Using q2-clawback to assemble taxonomic weights

clawback
feature-classifier
redbiom
taxonomy

(Ben Kaehler) #1

Note: This topic is a work in progress. Expect updates in the coming days.

Note: This guide assumes you have installed QIIME 2 using one of the procedures in the install documents.

This tutorial extends the q2-feature-classifier tutorial to show how you can improve your classification accuracy by assembling appropriate taxonomic weights for your samples using q2-clawback. We will retrain the naive Bayes classifier from the q2-feature-classifier to classify the skin and tongue samples from the Moving Pictures, then show how you might assemble weights for classifying a specific group of samples, in this instance taken from Stilton cheeses.

We will also demonstrate how to get a rough idea of how important your bespoke weights are for classification accuracy.

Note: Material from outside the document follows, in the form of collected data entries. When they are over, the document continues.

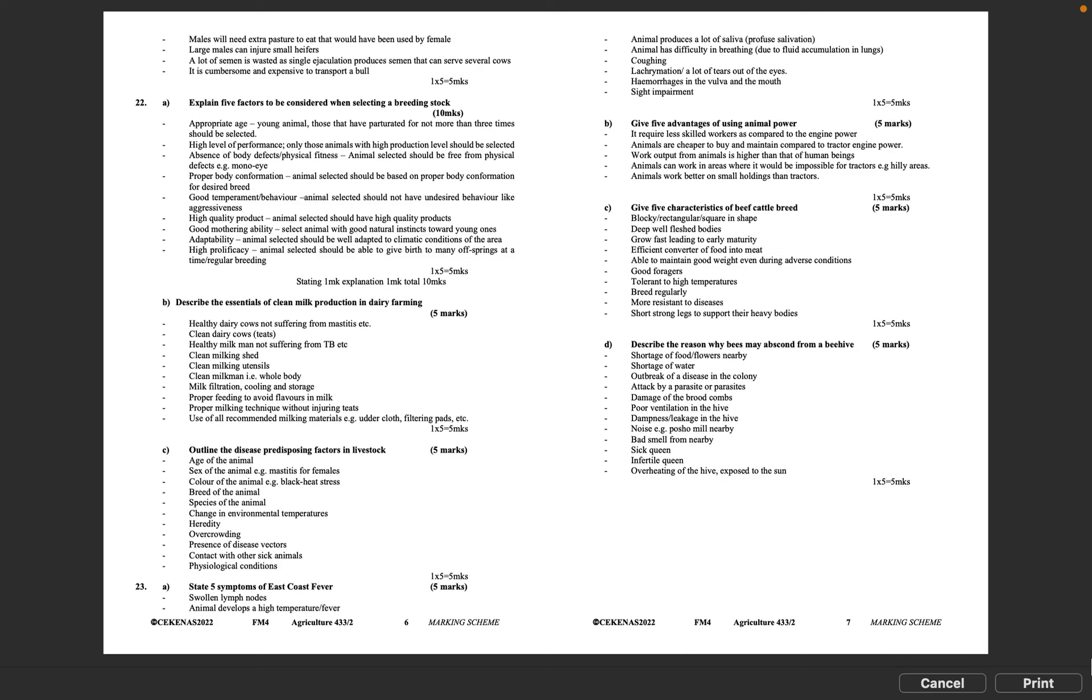Question 23C: Give 5 characteristics of beef cattle breed, 5 marks. Blocky, rectangular, square in shape. Deep, well-fleshed bodies. Grow fast leading to early maturity. Efficient converter of food into meat. Able to maintain good weight even during adverse conditions. Good foragers. Tolerant to high temperatures. Breed regularly. More resistant to diseases. Short, strong legs to support their heavy bodies. 1 times 5 equals 5 marks. Question 23D: Describe the reasons why bees may abscond from a beehive, 5 marks. Shortage of food or flowers nearby. Shortage of water. Outbreak of a disease in the colony. Attack by a parasite or parasites. Damage of the brood combs. Poor ventilation in the hive. Dampness or leakage in the hive. Noise, e.g., posho mill nearby. Bad smell from nearby. Sick queen. Infertile queen. Overheating of the hive, exposed to the sun. 1 times 5 equals 5 marks.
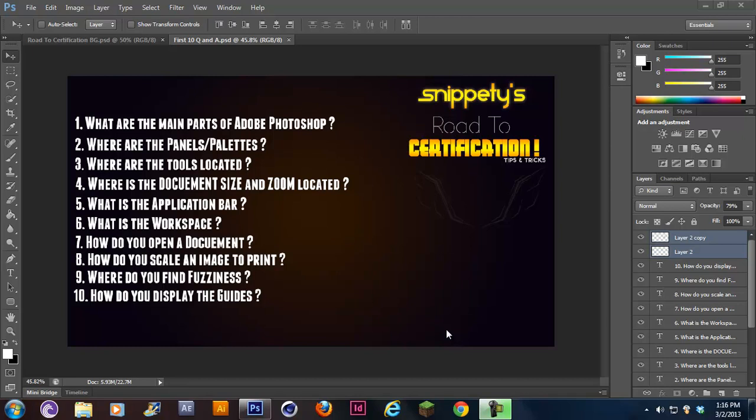Hey guys, what's up? It's Snippity, and as I promised you guys in my last video, as soon as I found anything else about certification tests, I would let you guys know, and here I am.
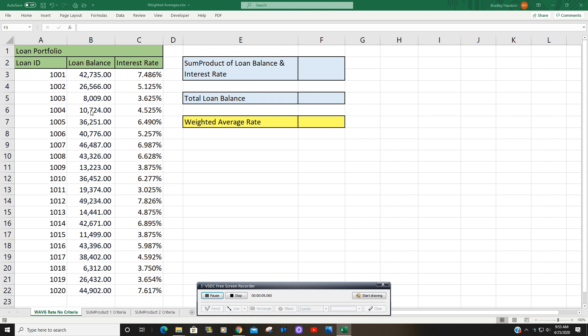here we have a pool of loans. Each of these loans has a different loan balance and therefore represents a different percentage of the pool as a whole. So that is the need for a weighted average.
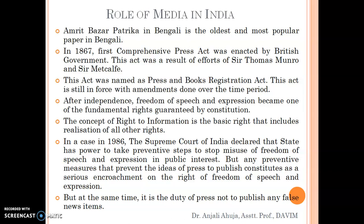In a case in 1986, the Supreme Court of India declared that the state has the power to take preventive steps to stop the misuse of freedom of speech and expression in the public interest. It was noticed in various cases that freedom of speech had been taken for granted and various misuses had been reported. The Supreme Court announced that the government has certain powers to stop the misuse of freedom of speech and expression if it is in the public interest. However, any preventive measures that prevent the press from publishing constitute a serious encroachment on the right of freedom of speech and expression, and the government cannot stop media from publishing ideas, views, or information.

We will download and create several files, so first create a working directory.

mkdir clawback-tutorial
cd clawback-tutorial

Installing q2-clawback

pip install redbiom
pip install imbalanced-learn
pip install q2-clawback

or

conda install -c kaehler -c conda-forge q2-clawback

Obtaining and importing reference data sets

We will require reference sequences and taxonomies to train the classifiers and also to create appropriate taxonomic weights.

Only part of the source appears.